How can the city boast so proudly of its preservation of its rural atmosphere when it allows the Canyon to gradually be dismantled by housing developments?

Where is the good public policy in all of this?

Well, let's hear from our Planning Commission and, as is almost certain, then from our Council. Again, that meeting is tomorrow night at 7 p.m. in the City Council Chambers.

If it comes to a vote, it will be very interesting to hear what, if any, substantive statements will be made by the commissioners about the public policy implications behind the approval of Stonefield, if that's what takes place.

Because, once you lose a piece of the Canyon, it's gone forever.

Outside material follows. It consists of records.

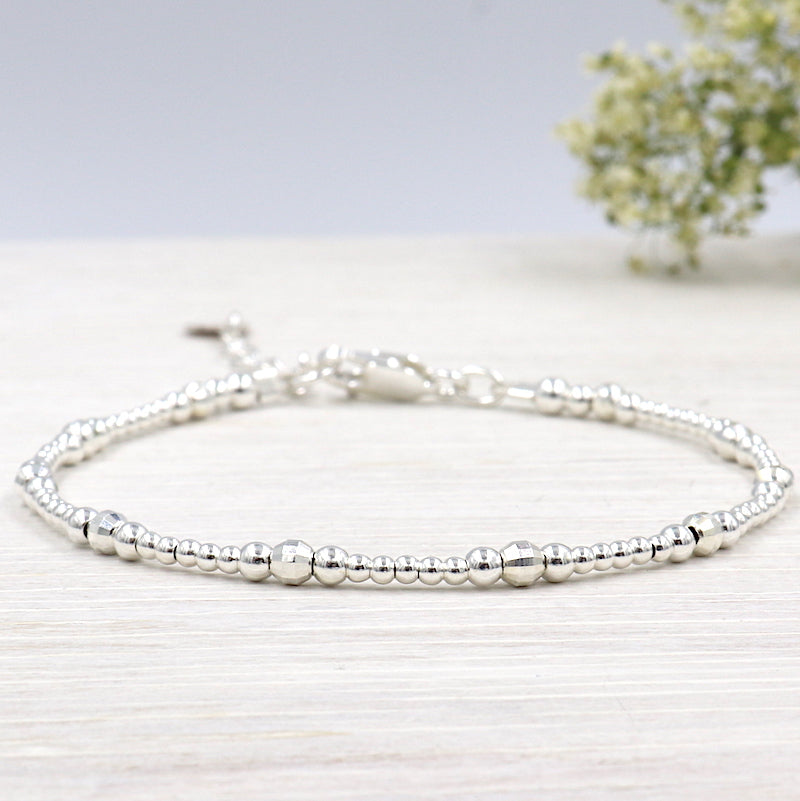 Bracelet perles argent 925 rondes et facettées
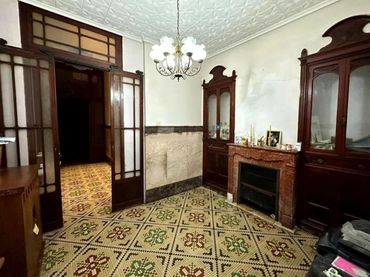 Casa con balcone in vendita a Centro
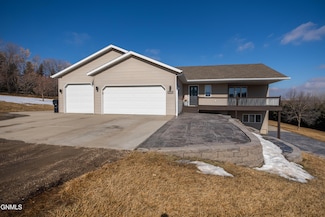 4910 Sagebrush Dr, Bismarck, ND 58504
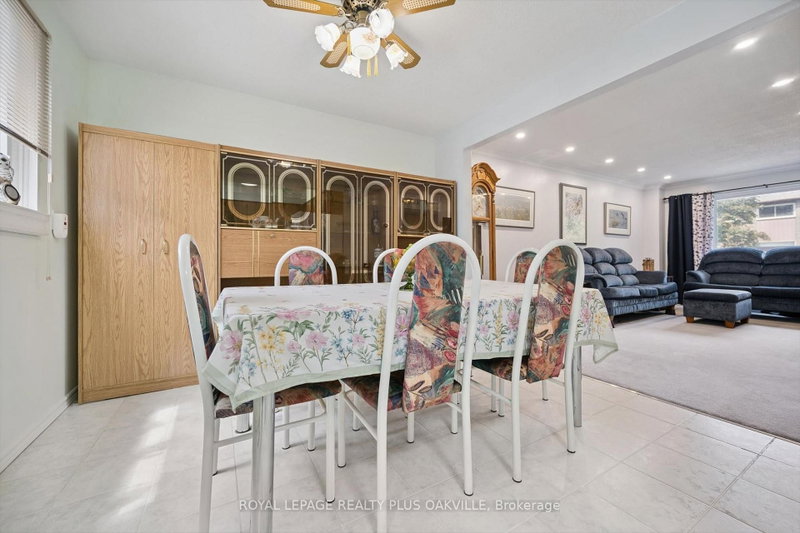 1221 Dundix Mississauga,ON L4Y 3Y9 — Photo 8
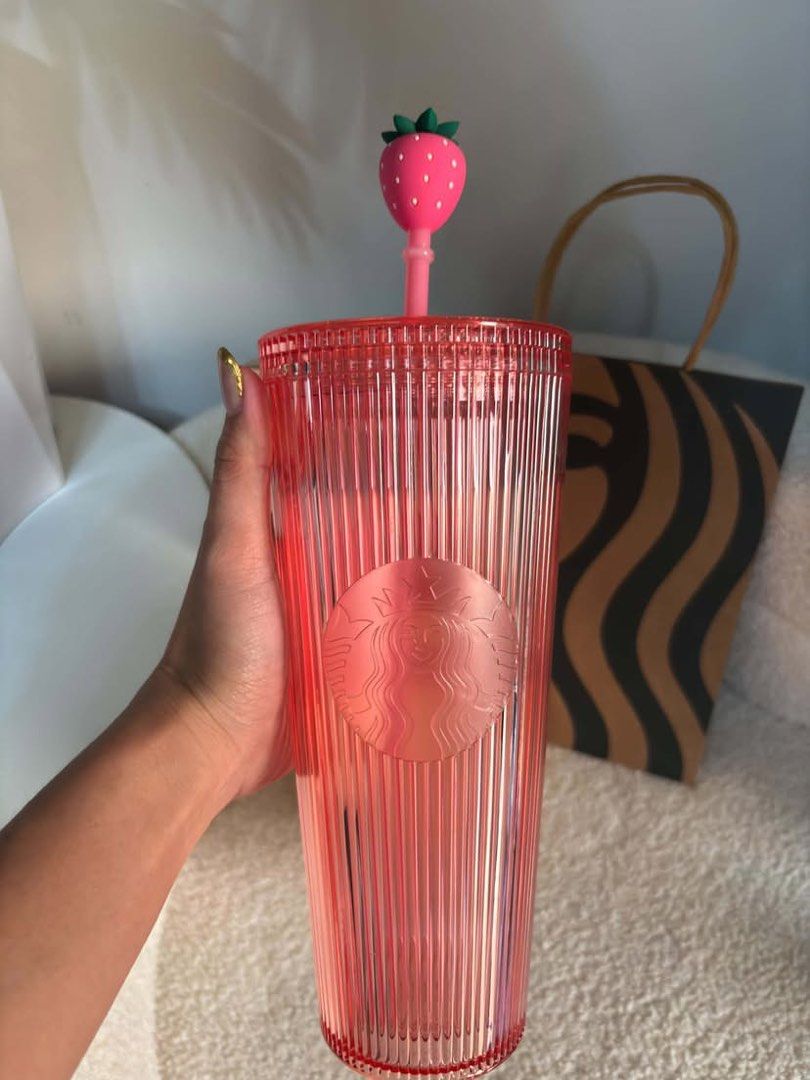 Starbucks Strawberry Cold Cup 24oz 🥤 (Category: Water Bottles & Tumblers) located in Guinobatan. Submitted by jadieee_young22 (Listing ID 1464586467, Image 3). Description: Starbucks strawberry cold cup 24oz🥤 - actual photo super pretty ng color! - what you see is what you get - shipping nationwide | no rush shipping.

To borrow from a former council member of Brea as he argued against Canyon Crest last year: what will residents say about the decision to approve in fifty or a hundred years?

I'll add (of course) to this by asking:

Is that part of the duty or obligation of city officials relative to advancing a developer's interests (via, say, a Statement of Overriding Considerations to an EIR) over those of the broader community? And, will later officials and residents lament the loss of a unique natural resource that is actually the preeminent embodiment of the city's expressed commitment to protect its rural atmosphere?

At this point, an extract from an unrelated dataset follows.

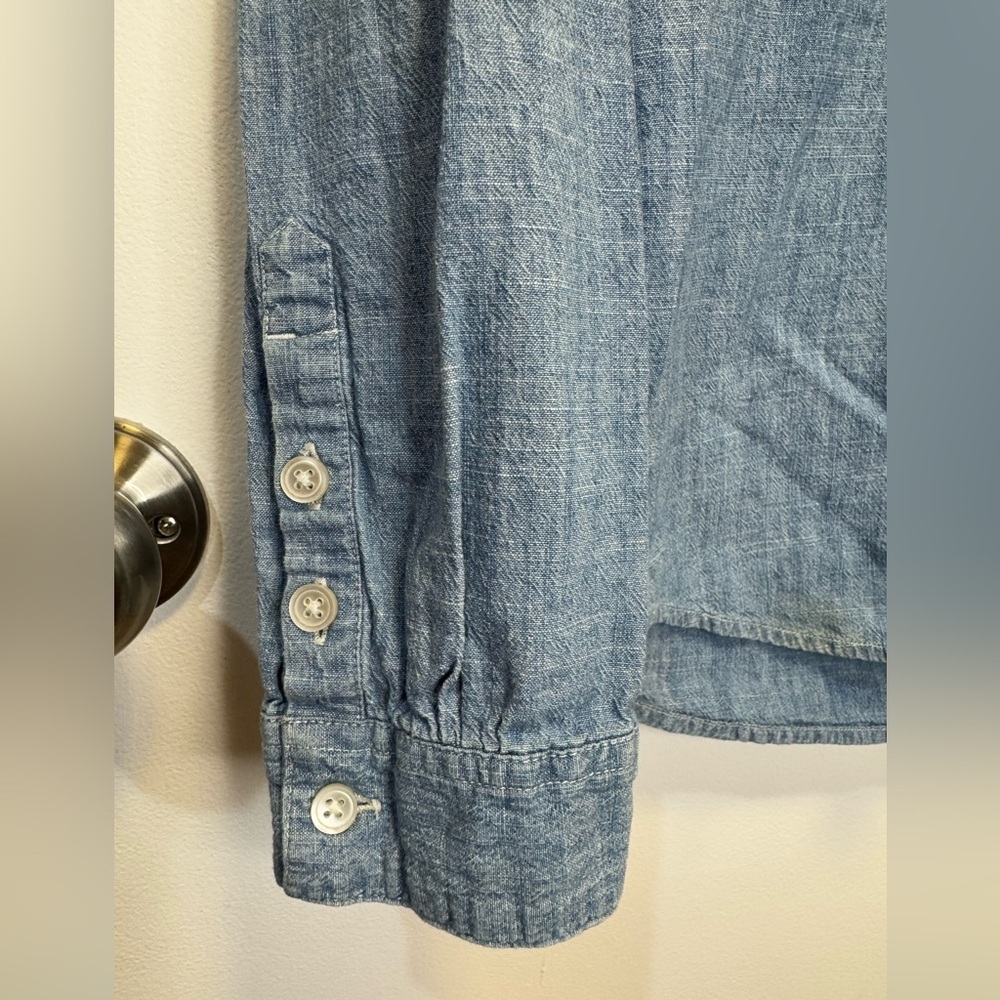 Women’s Dockers Light Blue Denim Button Down Shirt Size Petite Small - Picture 2 of 14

In closing, let's go back to a comment made by the developer's spokesperson last meeting, as he lambasted as an "abomination" the CalTrans proposal to require significant regrading and retaining walls at the Carbon Canyon Road/Fairway Drive-Ginseng Lane intersection. It would, he argued, ruin the aesthetics of the area to require such extreme physical alterations.

To which can be replied: isn't the Stonefield project doing exactly the same thing, but on a bigger scale? Scraping hillsides, moving 700,000 cubic yards of soil, obliterating an irreplaceable view shed, emitting unhealthy levels of pollution during grading (even if "temporary")--isn't that an extreme physical alteration of a natural, rural setting? Couldn't this be viewed as an "abomination" by applying the same logic? Isn't there just a little bit of irony embodied there?

Let's not forget the context, folks: We have 174 other approved homes. Add the 110 in pre-application AND add the 165 over in Brea should that be approved, and we can take the specific argument about Stonefield to its logical general extreme, because the results certainly would be.) Sadly, to reprise, city officials are not mandated to take in context. They can narrow the focus down to this project, approve it with the others, and leave the consequences to their successors.

Now, there's bad public policy!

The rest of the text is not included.